Rank Name Elo + - games score oppo. draws
1 Glaurung 2-epsilon/5 73 19 19 763 61% -15 18%
2 opponent-21.7 26 18 18 759 54% -5 23%
3 Fruit 2.1 5 19 19 754 51% -2 15%
4 Glaurung 1.1 SMP -15 19 19 764 47% 2 16%
5 Crafty-22.2 -33 18 18 757 45% 6 22%
6 Arasan 10.0 -56 19 19 785 42% 11 10%
760 game(s) loaded, 0 game(s) with unknown result ignored.
Rank Name Elo + - games score oppo. draws
1 Glaurung 2-epsilon/5 115 44 42 153 69% -31 17%
2 Fruit 2.1 64 42 41 149 63% -31 18%
3 Glaurung 1.1 SMP 48 42 41 152 61% -31 16%
4 opponent-21.7 20 38 37 152 58% -31 41%
5 Crafty-22.2 -31 19 19 760 45% 6 22%
6 Arasan 10.0 -216 43 45 154 26% -31 16%
The two samples were made at the same time, for reference. Has a ways to go until it is done. I will then run this again, but with the "big" match. And will eventually stop running the all vs all, since once each non-crafty has played all the others, those versions do not change and there is little use in re-running them over and over. I will just take those PGN files and add them to the crafty vs everyone so that I just have to run crafty vs everyone after the first run to get all the PGN.
opponent 21.7 is crafty 21.7 for reference, we wanted to keep a 21.7 version in to see how the new version is doing. 22.2 is pretty incomplete with pieces of the eval chopped out...
Based on this results it may be interesting to look at the games of arasan to see if there is something wrong with them.
Arasan had 26% after 154 games(probably 40/154) when it only played against Crafty in the first 154 games and it has 42% after 785 games.

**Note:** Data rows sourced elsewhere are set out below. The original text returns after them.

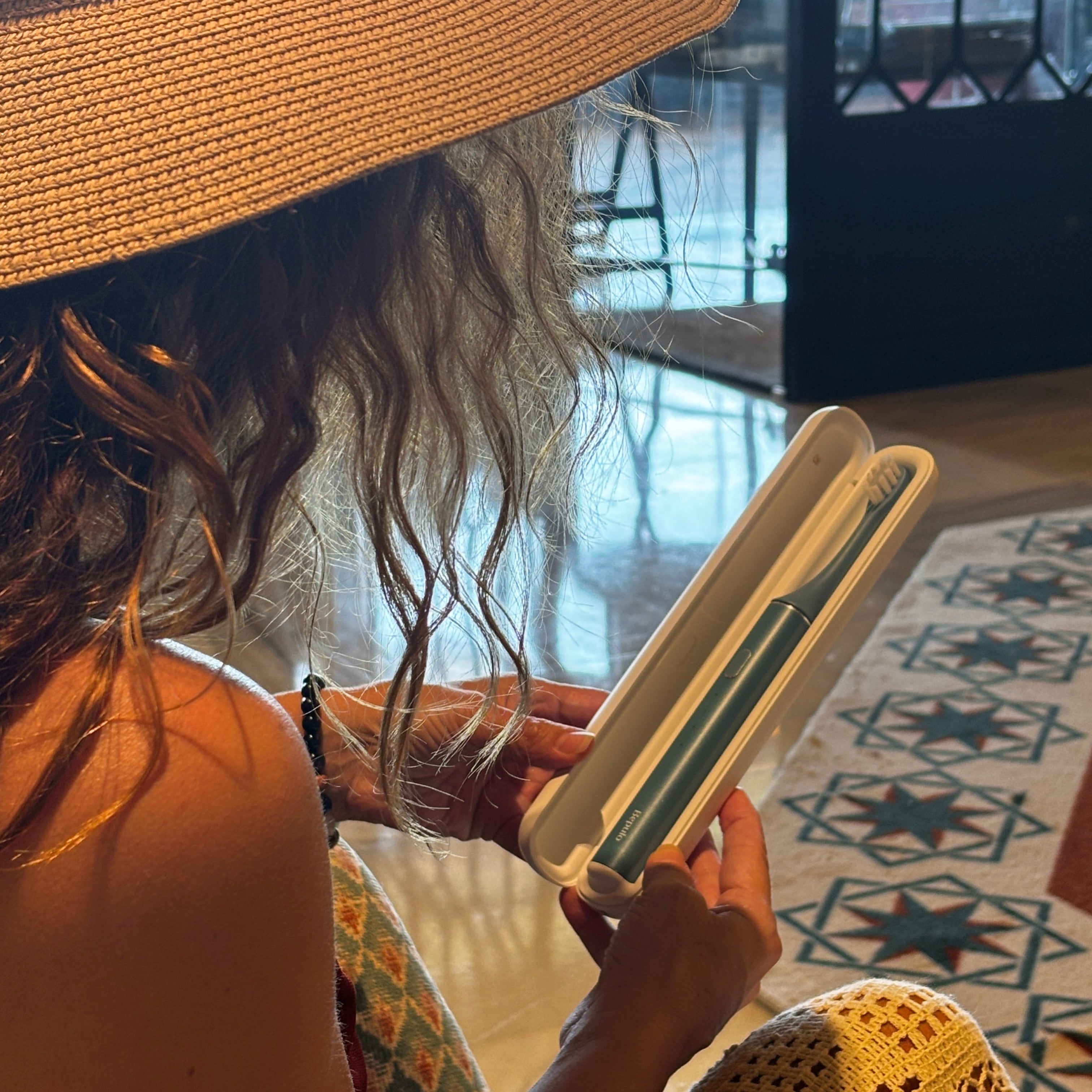A person holding a Bepulo Electric Toothbrush in a white UVC travel case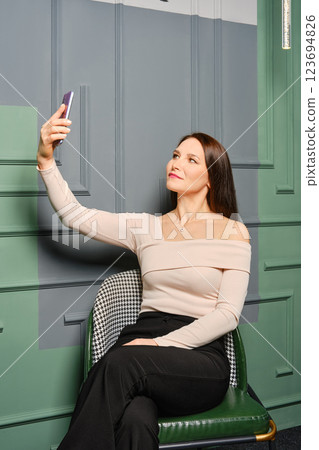 Middle-aged woman taking a selfie while sitting on a green chair in a stylish interior setting 123694826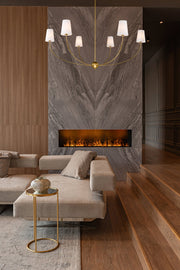 Shannon 6 Light 62" Chandelier in Rubbed Brass in a room setting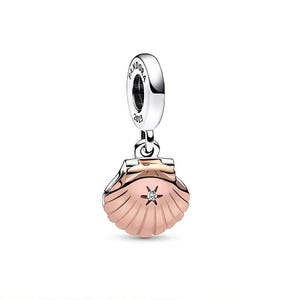May include: A silver and rose gold seashell charm with a small star-shaped gem in the center. The charm is suspended from a silver loop with the word "PANDORA" and the year "2023" engraved on it. The seashell has a textured surface.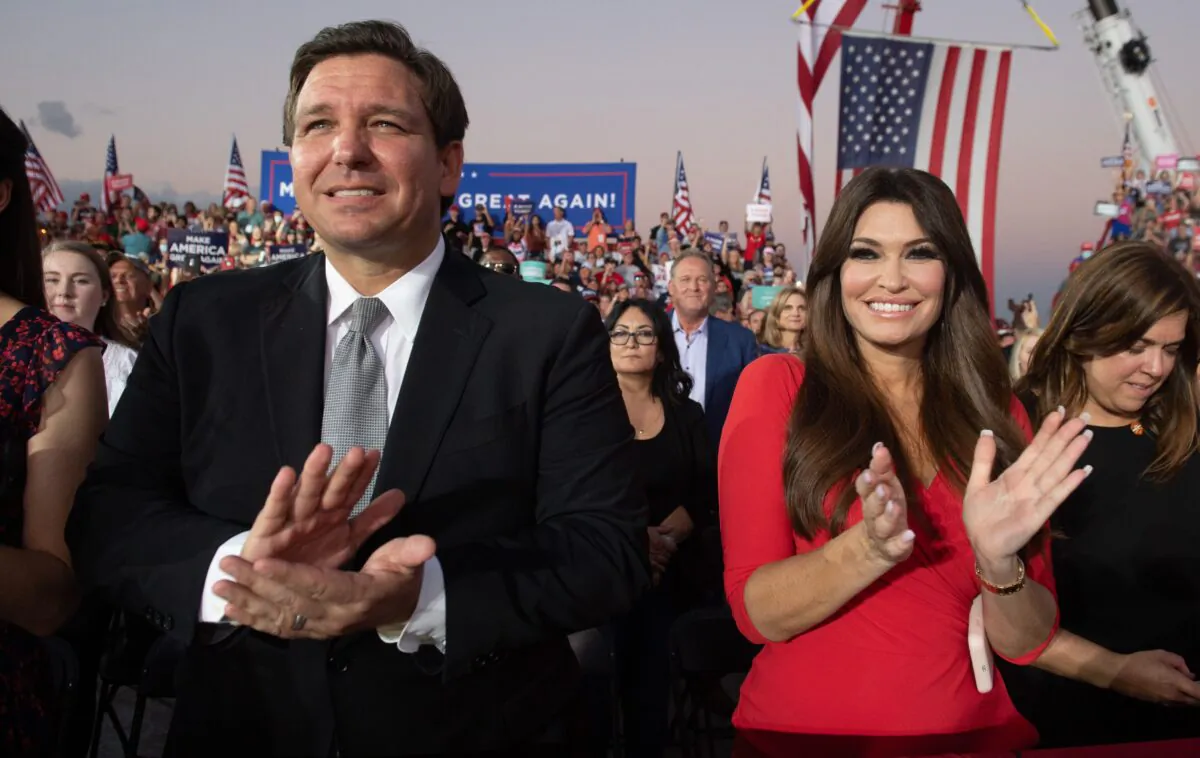 Florida Gov. Ron DeSantis (L) and Kimberly Guilfoyle (R), finance chair of U.S. President Donald Trump's campaign, applaud as Trump holds a Make America Great Again rally as he campaigns at Orlando Sanford International Airport in Sanford, Fla., on Oct. 12, 2020. (Saul Loeb/AFP via Getty Images)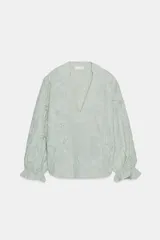 Blusa de escote pico y manga larga con puño elástico y volante. Presenta un diseño de rayas verticales finas en azul claro y blanco, con flores en relieve.
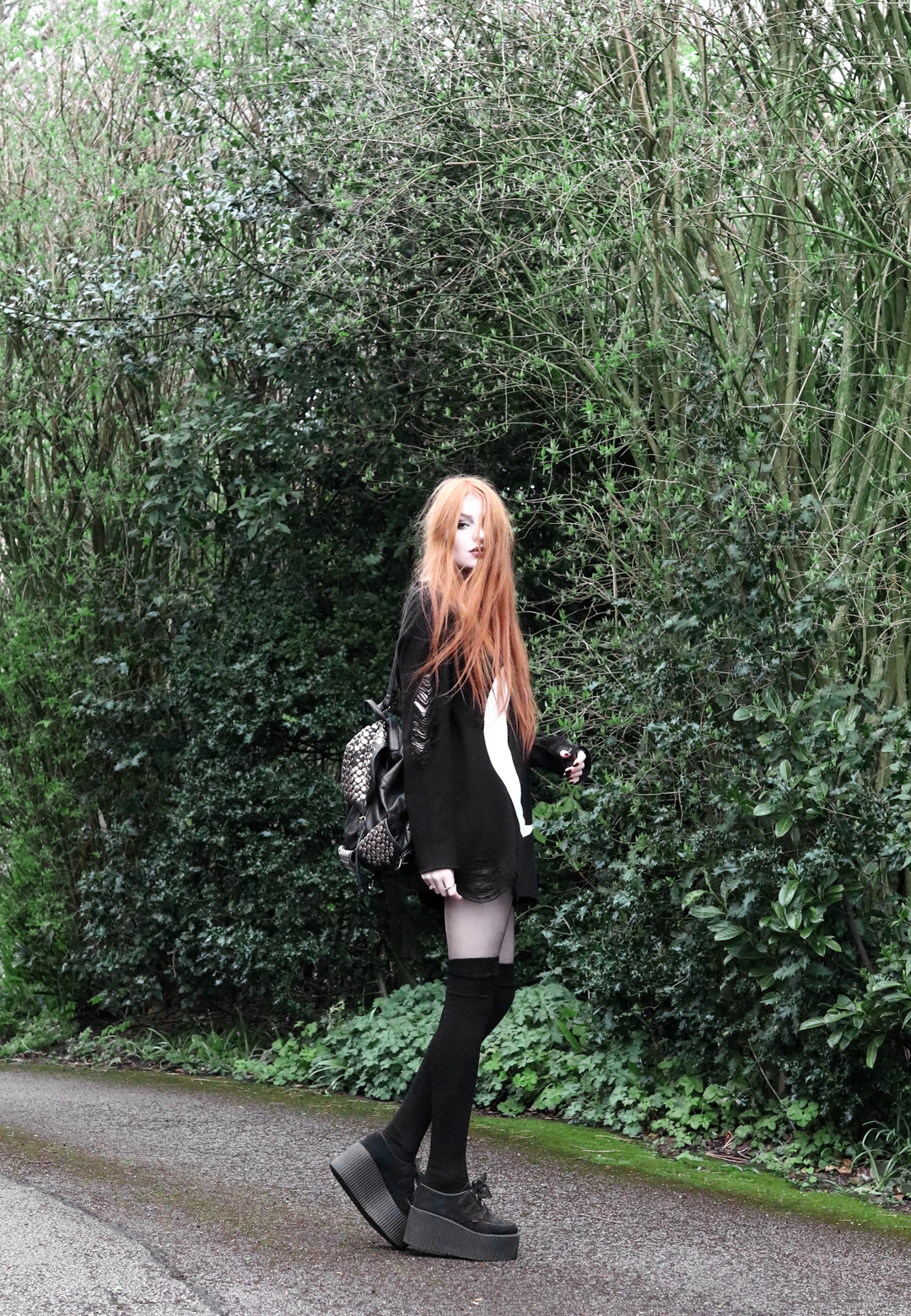 Olivia Emily wears Killstar Luna moon print knit oversized jumper, Asos thigh high socks, Underground triple sole creepers, and Rebecca Minkoff backpack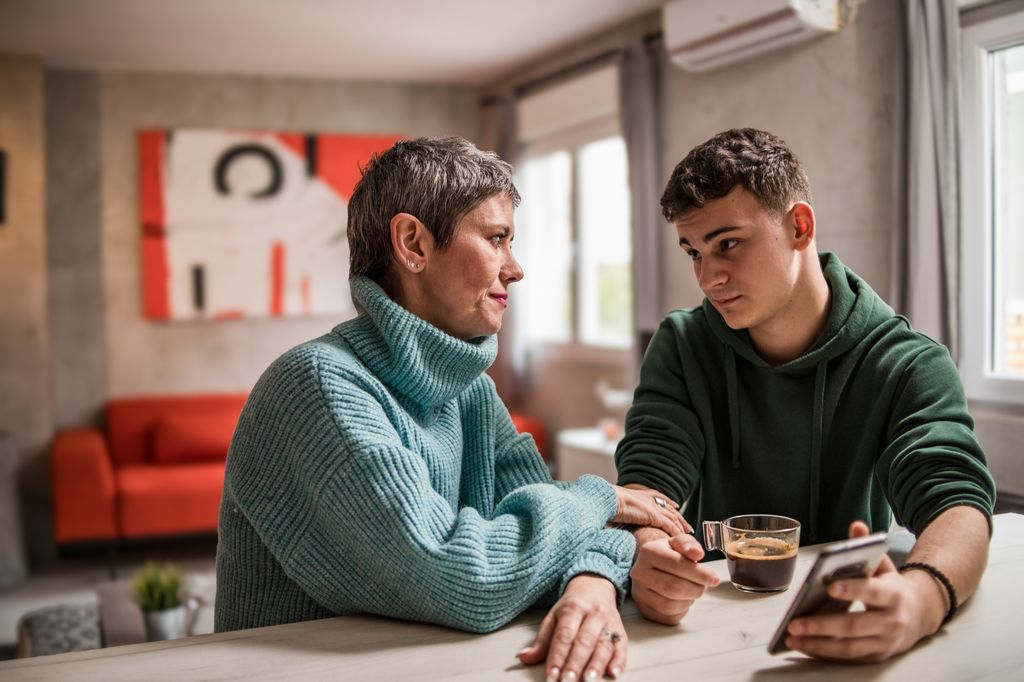 A mother and son are sitting at home and talking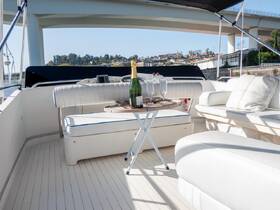 A stylish interior view of a boat's lounge area featuring comfortable seating and a table set with champagne and glasses, perfect for relaxing on the water.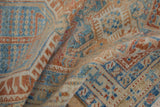 Distressed Karaja rug texture reveals worn geometric motifs in sky blue, pale red, and ivory.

I do not believe that arasan is strong enough to score more than 40% against programs like fruit and glaurung and it seems that something is wrong in your test(maybe you are wrong in adjudicating part of the games of arasan against other opponents).
The adjudication is not wrong. I have played several thousand games and compared results to the output of Crafty's search. The rules are simple:
(1) if one side has no legal moves and is in check, he is checkmated and loses (loss).
(2) if one side has no legal moves and is not in check, he is stalemated (draw).
(3) if the position is repeated for the third time with the same side on move, it is a draw by repetition.
(4) if the position satisfies the 50-move rule, it is a draw.
(5) if the position has no pawns and only one minor piece per side, it is a draw, and yes I know there is an exception. I've never seen it happen in a real game and find it reasonable to say draw.
(6) if one side resigns, it is a loss.
I played several thousand test games between Crafty and the 5 opponents, I then grabbed the Result tag, and the last value from Crafty's search, and correlated them by hand. Since crafty is always +=good for white, it was easy to verify that the side with the evaluation edge always got the edge except for a few draws, in cases where Crafty thought it was worse but the opponent repeated or allowed a 50-move draw, for example.
Once I get a complete set of data, I'll put the whole thing on my ftp box if you want to look at the results for yourself. No program can end the game in any way except by resigning, which is an instant loss. Otherwise the referee detects the mates and such itself.